В японской поэзии большую роль
играет графическое изображение текста. Леонид Тишков. Поэт Мацуо Басё. Рисунок для книги Марины Москвиной «Изголовье из травы. Путешествие писателя и художника в Японию». 1999 |
Вакана Коно из числа тех людей, которые влюбились в Россию, заболели ее культурой. И в ее работе важно не только обладание знанием, а ее чуткое отношение к предмету, понимание глубокой и тонкой взаимосвязи. Например, Вакана считает, что литература в России сильнее, чем в других странах, связана с искусством, она перевела и переводит на японский язык стихи современных русских поэтов, передает соотечественникам образ увиденной ею России. С Ваканой КОНО беседовала Елена СЕМЕНОВА.
– Вакана, как получилось, что вы заинтересовались русской литературой и искусством?
– Мое первое сильное впечатление о России – это, как ни странно, вид из окна самолета, когда мне было 15 лет. Это было в 1988 году, я летала из Лондона в Токио, и самолет летел над СССР. Это было ночью, и я видела большое темное пространство, в котором появилась одна точка света, потом несколько, потом много. Это был город. Тогда мне это показалось символом того, что в России есть что-то скрытое, прекрасное, а люди об этом пока не знают. Может быть, это культура, может быть, люди, но… это находится в темном пространстве. Конечно, у нас в Японии был перевод классической русской литературы, бывали выставки русского искусства XIX – начала XX века. Но о современной культуре России в Японии почти ничего не сообщали, хотя это уже был период перестройки. Я захотела узнать, что происходит в России, какая там современная литература, искусство. Вид из самолета – это было детское впечатление. Потом в школе я читала Чехова, в школьном хоре мы пели оперу Мусоргского «Борис Годунов», правда, на английском языке. Еще я видела несколько русских фильмов, например, фильм Никиты Михалкова «Очи черные»: там были очень красивые пейзажи. И я выбрала русский язык как специальность в университете. Тогда я уже начала активно читать русскую литературу, узнала о современном русском искусстве. Все это было очень интересно. Я в первый раз приехала в Москву в 1991 году: два месяца училась в МГУ, посещала театры, знакомилась, тогда еще не с поэтами-художниками, а с разными хорошими людьми. Мне так все понравилось в России, что я захотела поступить в аспирантуру по специальности «русская литература».
– Я увидела, что область ваших интересов – Серебряный век, лианозовская школа, концептуалисты? Или шире?
– Как исследователь русской литературы я написала кандидатскую диссертацию по роману Андрея Белого «Серебряный голубь», потом уже в Токио написала докторскую о незаконченной трилогии Белого «Москва». Изучала творчество Блока, Брюсова, писала об этом статьи.

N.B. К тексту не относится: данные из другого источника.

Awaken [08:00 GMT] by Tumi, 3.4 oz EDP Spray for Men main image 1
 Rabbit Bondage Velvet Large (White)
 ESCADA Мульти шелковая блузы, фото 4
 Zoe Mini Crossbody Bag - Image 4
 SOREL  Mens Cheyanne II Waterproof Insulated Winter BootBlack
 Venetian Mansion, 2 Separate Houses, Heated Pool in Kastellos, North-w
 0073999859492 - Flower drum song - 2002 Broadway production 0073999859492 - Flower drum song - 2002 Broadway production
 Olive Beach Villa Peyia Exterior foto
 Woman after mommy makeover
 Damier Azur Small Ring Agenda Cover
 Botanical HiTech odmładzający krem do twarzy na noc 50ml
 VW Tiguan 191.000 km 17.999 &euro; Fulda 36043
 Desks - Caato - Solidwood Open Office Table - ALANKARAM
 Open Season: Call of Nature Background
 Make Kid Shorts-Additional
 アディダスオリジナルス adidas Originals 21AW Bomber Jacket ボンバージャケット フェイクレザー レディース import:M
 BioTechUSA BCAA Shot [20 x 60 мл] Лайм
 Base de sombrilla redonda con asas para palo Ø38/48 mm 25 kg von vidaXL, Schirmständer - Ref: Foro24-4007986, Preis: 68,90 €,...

Параллельно очень интересовалась (и интересуюсь) русским искусством. Я увидела фотографии работ Ильи Кабакова, и они меня очень заинтересовали. Я сама с детства любила рисовать и ощутила интерес к московскому концептуализму. Но тогда мне сказали, что нельзя писать диссертацию о современном русском искусстве, потому что это «не принято». Это был 1995 год. Несмотря на то что в конце 80-х у нас уже были выставки Ильи Кабакова и некоторые профессора (не все) знали о концептуализме, все равно считали, что это неподходящая тема, что нужно сначала изучать классику. Мне предложили изучать русский символизм. Сейчас совсем другое время. Прошло почти 20 лет, и у нас пишут диссертации по современному русскому искусству. Но мне все-таки повезло. Современные русские поэты и художники хорошо знают классику и символизм, который я изучала, модернизм и авангард. Это знание помогает понять не только искусство, но и литературу, которая занимает очень важное место в России.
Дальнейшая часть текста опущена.